Hacker News new | ask | show | jobs
by stereosteve 1831 days ago
the problem happens with any fixed window spacing regardless of the block size.

If you create a block every Xmb... inserting a single byte at the beginning of the file will change every subsequent block.

1 comments

You're technically speaking wrong, but I'm sure the author doesn't want to reimplement block storage devices... So the spirit of the message is probably correct
Oh I'm not talking about disks... this is based on how SnowFS (the library for this project) splits up big files into chunks:

https://github.com/Snowtrack/SnowFS/blob/main/src/common.ts#...

The intent is a simple form of delta encoding, the hope is that many chunks will be common between two versions.

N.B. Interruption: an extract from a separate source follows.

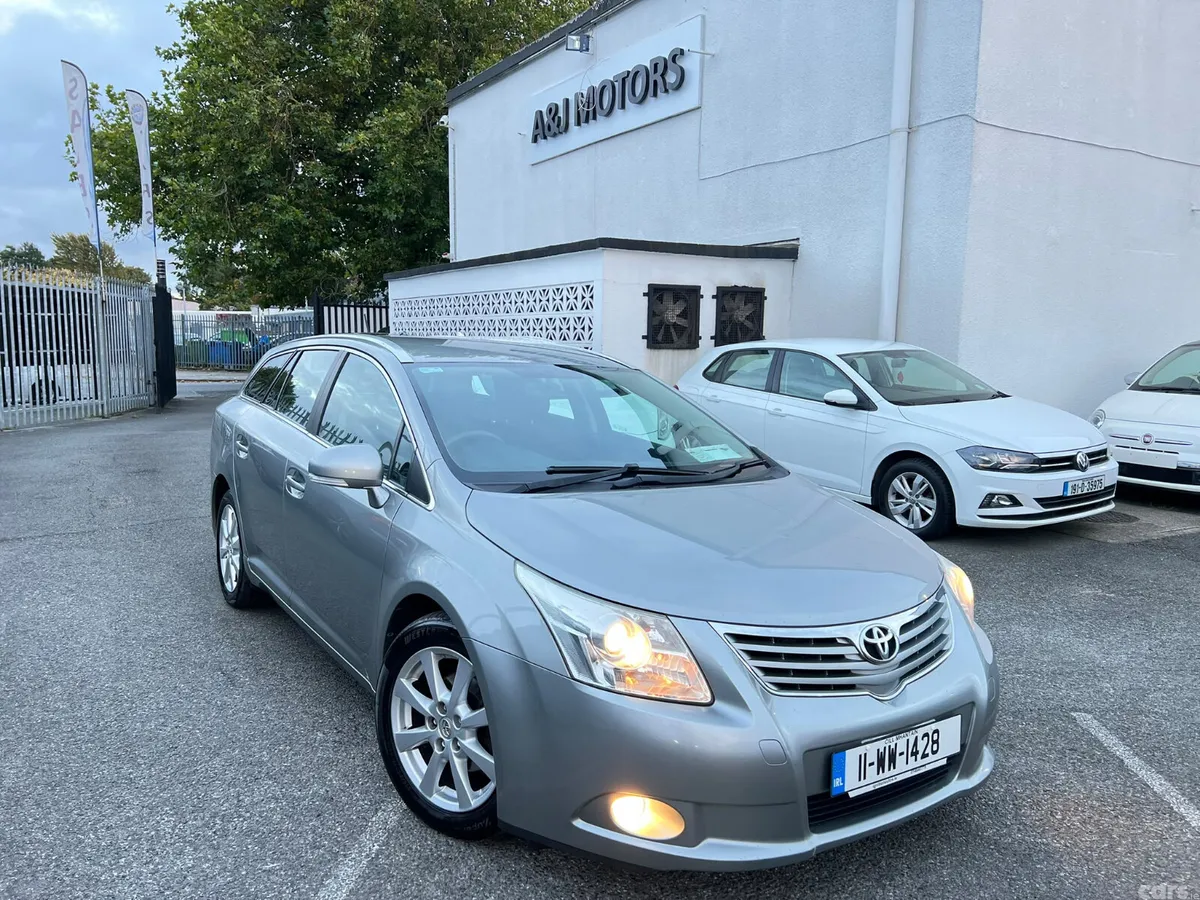 Toyota Avensis Estate, Diesel, 2011, Grey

I should clarify this. The 100 MB window in SnowFS is currently unrelated to compression as it is only used to compare if a block changed. Each block gets a hash. This is a fallback used for some file formats where the mtime timestamp cannot be trusted. Some files have a change in the first block e.g. 100 MB and that is faster to compare than an entire 8GB file. But this window size is dynamic and can be changed and used for compression in the future
Ahh this is my bad. For some reason I assumed the blocks were part of the storage scheme, but I see they only are used to compute hash, and that the whole file is added to zip. Sorry for the misunderstanding!